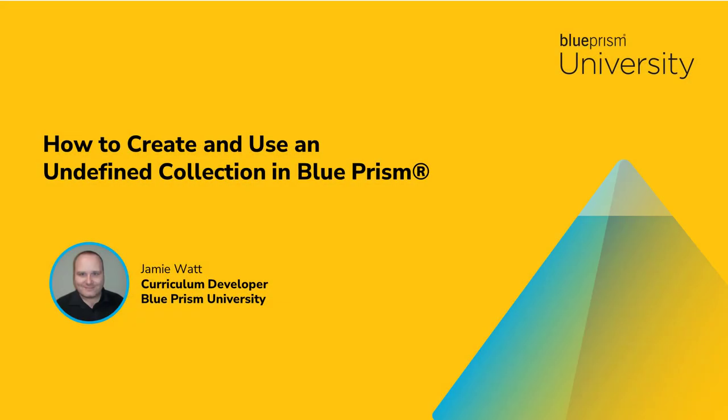Hello and welcome to this short video in the how-to series which will detail the steps required to create and use an undefined collection in Blue Prism.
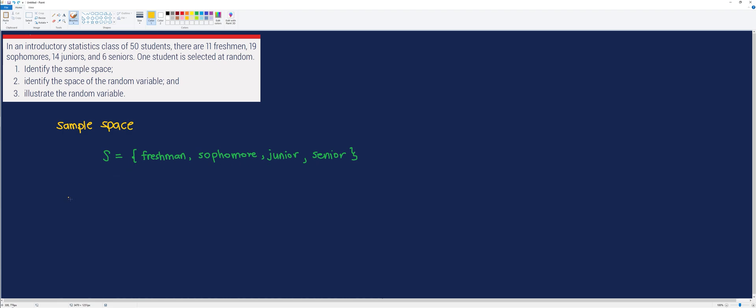After identifying the possible outcome of this event, let's try to illustrate now the random variable.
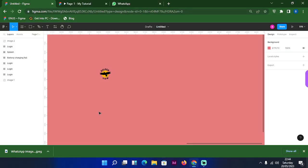Hey guys, welcome back to my channel. In this video I'll be taking us through how to design our splash screen or onboarding screen as you might call it, and I will also show us how we can design our login or sign-in page. I'm going to make use of this logo you are seeing over here — I got it online. It's something you can go online and get any logo just for practice.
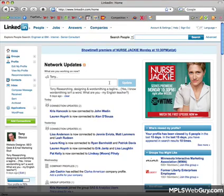Hello, this is Tony from MinneapolisWebGuy.com, and this is just a quick video to show you how you can change some anchor text and pass a little page rank to your websites from your LinkedIn profile.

====

BRIEF:
Word for word, write out the full listing, leaving the pictures aside.

PROBLEM SOLUTION:
Hello and welcome to this short video in the how-to series which will detail the steps required to create and use an undefined collection in Blue Prism.
After identifying the possible outcome of this event, let's try to illustrate now the random variable.
Hey guys, welcome back to my channel. In this video I'll be taking us through how to design our splash screen or onboarding screen as you might call it, and I will also show us how we can design our login or sign-in page. I'm going to make use of this logo you are seeing over here — I got it online. It's something you can go online and get any logo just for practice.
Hello, this is Tony from MinneapolisWebGuy.com, and this is just a quick video to show you how you can change some anchor text and pass a little page rank to your websites from your LinkedIn profile.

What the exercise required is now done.